Так, «без имени святого», двенадцать человек под красным флагом твердо идут дальше, готовые в любой момент ответить врагу на удар. Их шествие становится вечным – «и вьюга пылит им в очи дни и ночи напролет...».

Глава двенадцатая, последняя. За отрядом увязывается шелудивый пес – старый мир. Бойцы грозят ему штыками, пытаясь отогнать от себя. Впереди, во тьме, они видят кого-то; пытаясь разобраться, люди начинают стрелять. Фигура тем не менее не исчезает, она упрямо идет впереди. «Так идут державным шагом – позади – голодный пес, впереди – с кровавым флагом <...> Исус Христос».

Андрей Белый 1880-1934

Петербург – Роман (1913)

Аполлон Аполлонович Аблеухов сенатор весьма почтенного рода: он имеет своим предком Адама. Впрочем, если говорить о временах не столь отдаленных, то во времена царствования Анны Иоанновны киркиз-кайсацкий мирза Аб-Лай поступил на русскую службу, был на­зван в крещении Андрей и получил прозвище ухов. Доводился он прапрадедом Аполлону Аполлоновичу.

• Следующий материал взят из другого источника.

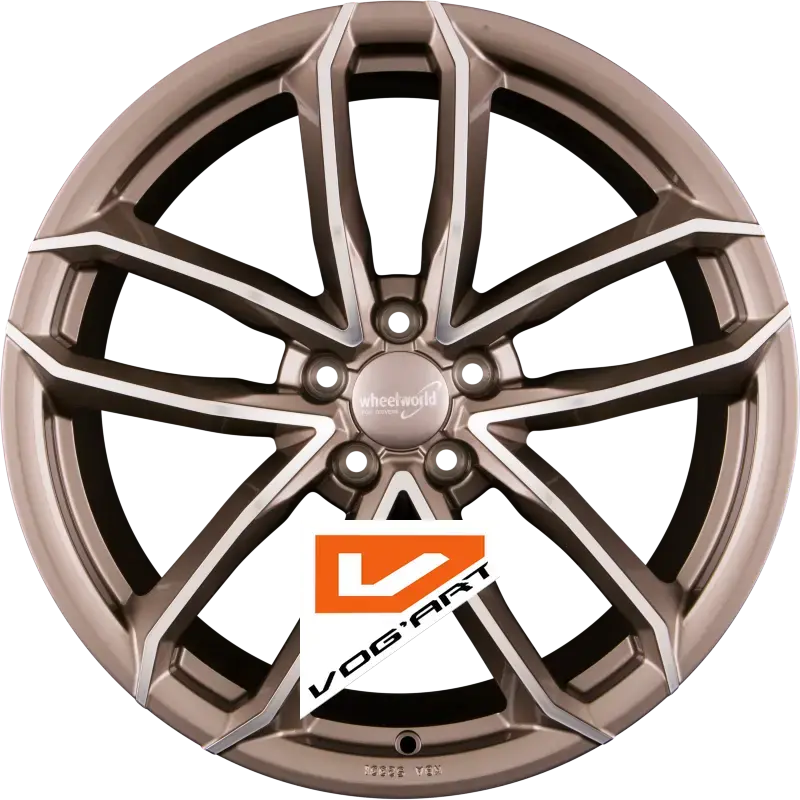 4 Jantes 2DRV by WHEELWORLD WH33 Platin Grau Hochglanzpoliert (PGP+) 18″ | Jantes alu design by Vog'Art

Аполлон Аполлонович готовится ехать в Учреждение, он главой был Учреждения и оттуда циркуляры отправлял по всей России. Цир­кулярами он управлял.

Аполлон Аполлонович уже встал, обтерся одеколоном, записал в «Дневнике» – который издан будет после его смерти – в голову пришедшую мысль. Он откушал кофию, осведомился о сыне и, узнав, что сын его Николай Аполлонович еще не вставал, – поморщился. Каждое утро сенатор расспрашивал о сыне и каждое утро морщился. Разобрал корреспонденцию и в сторону отложил, не распечатав, при­шедшее из Испании письмо от жены своей Анны Петровны. Два с половиною года назад супруги расстались, уехала Анна Петровна с итальянским певцом.

Молодцеватый, в черном цилиндре, в сером пальто, на ходу натя­гивая черную перчатку, сбегает Аполлон Аполлонович с крыльца и са­дится в карету.

Карета полетела на Невский. Полетела в зеленоватом тумане вдоль в бесконечность устремившегося проспекта, мимо кубов домов со строгой нумерацией, мимо циркулирующей публики, от которой на­дежно огражден был Аполлон Аполлонович четырьмя перпендикуляр­ными стенками. Сенатор не любил открытых пространств, не мог выносить зигзагообразных линий. Ему нравилась геометрическая пра­вильность кубов, параллелепипедов, пирамид, ясность прямых, распланированность петербургских проспектов. Встающие в тумане острова, в которые вонзались стрелы проспектов, вызывали у него страх. Житель островов, разночинный, фабричный люд, обитатели хаоса, считал сенатор, угрожают Петербургу.

Из огромного серого дома на семнадцатой линии Васильевского острова, спустившись по черной, усеянной огуречными корками лест­нице, выходит незнакомец с черными усиками. В руках узелок, кото­рый он бережно держит. Через Николаевский мост идет в потоке людей – синих теней в сумраке серого утра – тень незнакомца в Петербург. Петербург он давно ненавидел.

На перекрестке остановилась карета... Вдруг. Испуганно поднял руки в перчатках Аполлон Аполлонович, как бы стараясь защитить себя, откинулся в глубину кареты, ударился о стенку цилиндром, об­нажил голый череп с огромными оттопыренными ушами. Пламенею­щий, уставленный на него взгляд вплотную с каретой шедшего разночинца пронзил его.

Пролетела карета. Незнакомец же дальше был увлечен потоком людским.

Протекала по Невскому пара за парой, слов обрывки складыва­лись в фразы, заплеталась невская сплетня: «Собираются...», «Бро­сить...», «В кого же...», «В Абл...». Провокация загуляла по Невскому, провокацией обернулись слова в незнакомце, провокация была в нем самом. «Смотрите, какая смелость, Неуловимый», – услышал незна­комец у себя за спиной.